Hijos viajeros

Este verano, como los anteriores, comienza de verdad cuando los hijos se van. Llevan días preparando sus maletas. Echan lo humano y lo divino: juguetes estrambóticos y el chocolate del desayuno, el último libro que le regalaron, la sombrilla de flores, –porque seguro llueve–, la cadenita de oro, la irrenunciable almohadita de dormir…

Se despiden de todos, pero sin nostalgias. Es el único viaje que no lleva hacia la nada. Agarran su equipaje con una resolución envidiable. Lo hacen rodar como Lamborghinis por las lozas pulidas de la sala de estar. Suben y bajan las escaleras eléctricas mientras la madre se come las uñas. Al rato piden un jugo y galleticas.

Cuando llega la hora el padre le encaja la gorra, y la madre le asegura las hebillas en el pelo.

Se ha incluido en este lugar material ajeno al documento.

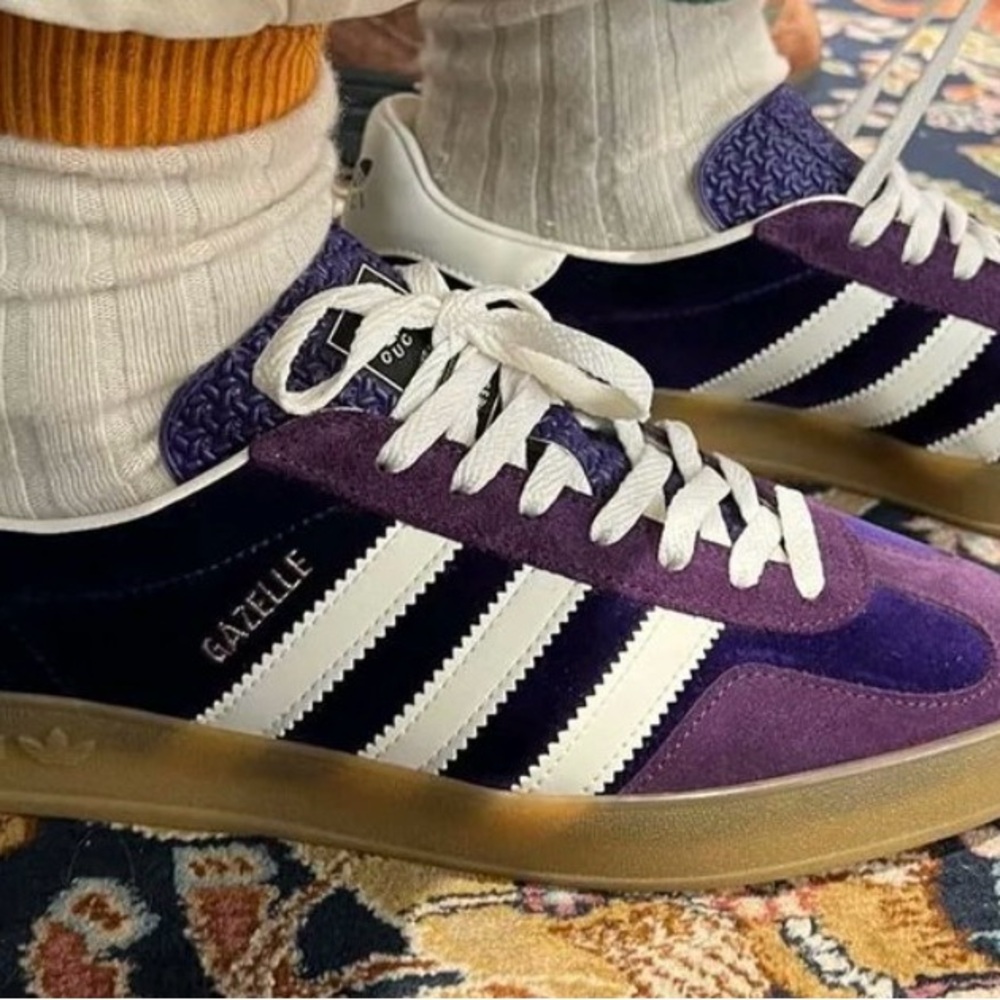 Adidas Gazelle Purple and White Gucci shoes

No pueden evitar el “pórtate bien, hazle caso a tu…”. Una descafeinada aeromoza los recibe con un afecto excesivamente ornamentado que es, en resumen, fatuo y falso. Pero ellos son grandes y saben lo que hacen. Nada les pasará: son los hijos viajeros, que no le temen a los aviones y saben cómo ir solos al baño, y volverse a poner el cinturón.

Los aviones son sus alas, su ámbito de libertad. Cada verano vuelven otra vez a emprender una ruta que los lleva hacia todos los excesos que cotidianamente añoran: jugar en la calle, ensuciarse los pies, comer con mucha grasa, quemarse con el sol, ver televisión durante horas, armar pandillas, dar alguna perreta, dormir en la cama grande, irse para lo hondo. El estado perfecto de la felicidad.

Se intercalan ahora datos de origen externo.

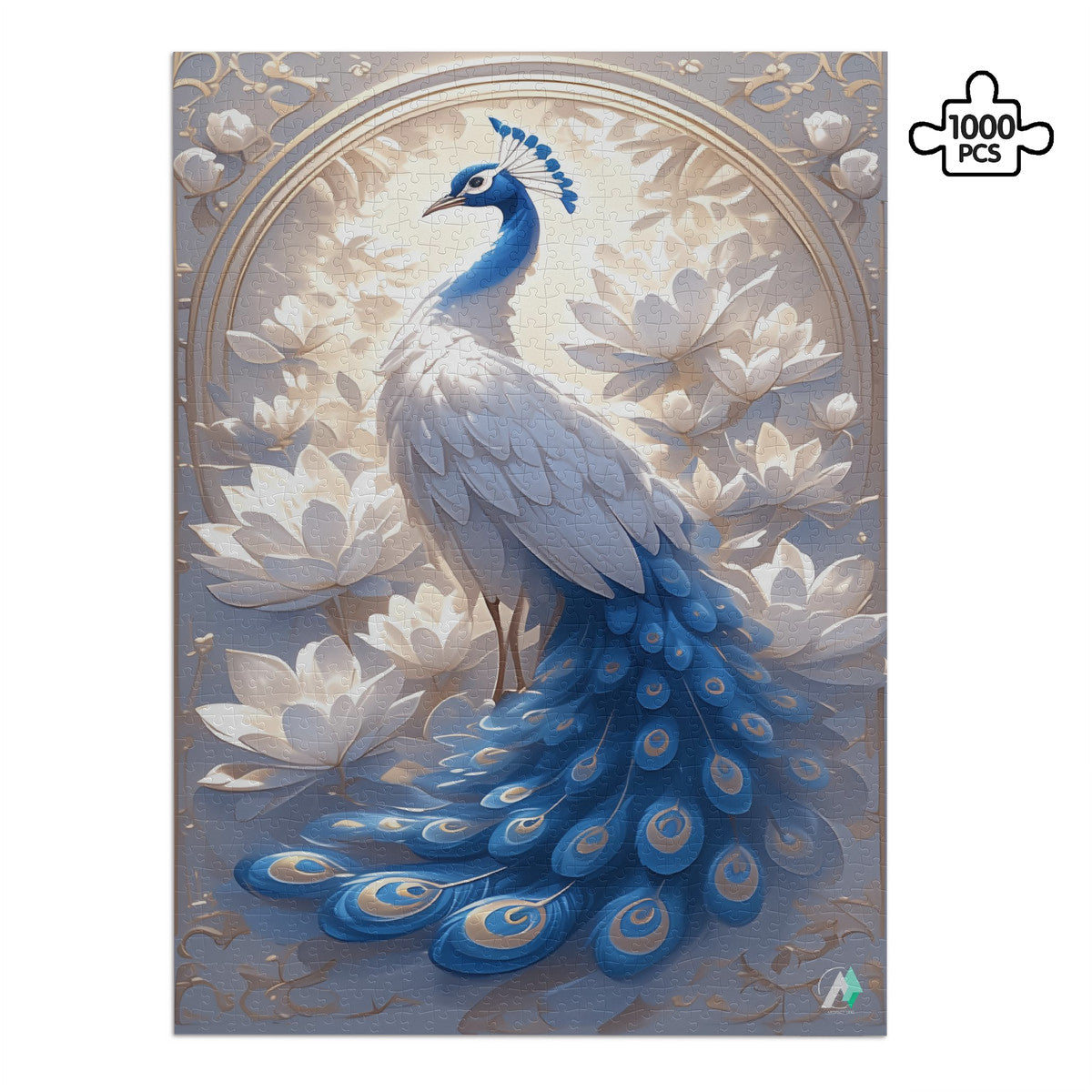 Peacock Nouveau II Puzzle featuring intricate peacock artwork by @shinjoku13, available in 500 and 1000 pieces, crafted from premium ivory cardboard.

Estos hijos regresan buscando adrenalina y un cariño fuera de toda duda. Un cariño malcriador, absoluto, que quiere remediar, en solo un mes, el vacío: abuelos, tíos y primos, todos los años, repiten el ciclo. Reciben a sus muchachos, los hijos de sus hijos ausentes, los hijos de sus hermanos idos, las golondrinas que muchas familias en Cuba acogen con una alegría especial, porque ellos son los lazos, la certidumbre de que aún siguen siendo una familia.

En pocas semanas los niños viajeros ratifican este vínculo indómito que está arraigado profundamente en lo que somos los cubanos. Con sus poquitos años, esto hacen ellos por la Patria.

Vienen los niños desde todas partes. En Cuba se completan. Harán amigos de todos los colores, compararán lo que aprendieron en la escuela, compartirán los modos de burlarse, aquí y allá, de la maestra, terminarán intercambiando voces y entonaciones.

En pocos años los aeropuertos cubanos, también, cada vez más, despedirán a estos hijos viajeros en pos de tíos y primos y hasta de abuelos asentados en otros lejanos países. Las nuevas normas migratorias cubanas ya lo permiten. Irán a pasar su mes de conquista y aprenderán que el mundo es redondito y que la familia es un universo.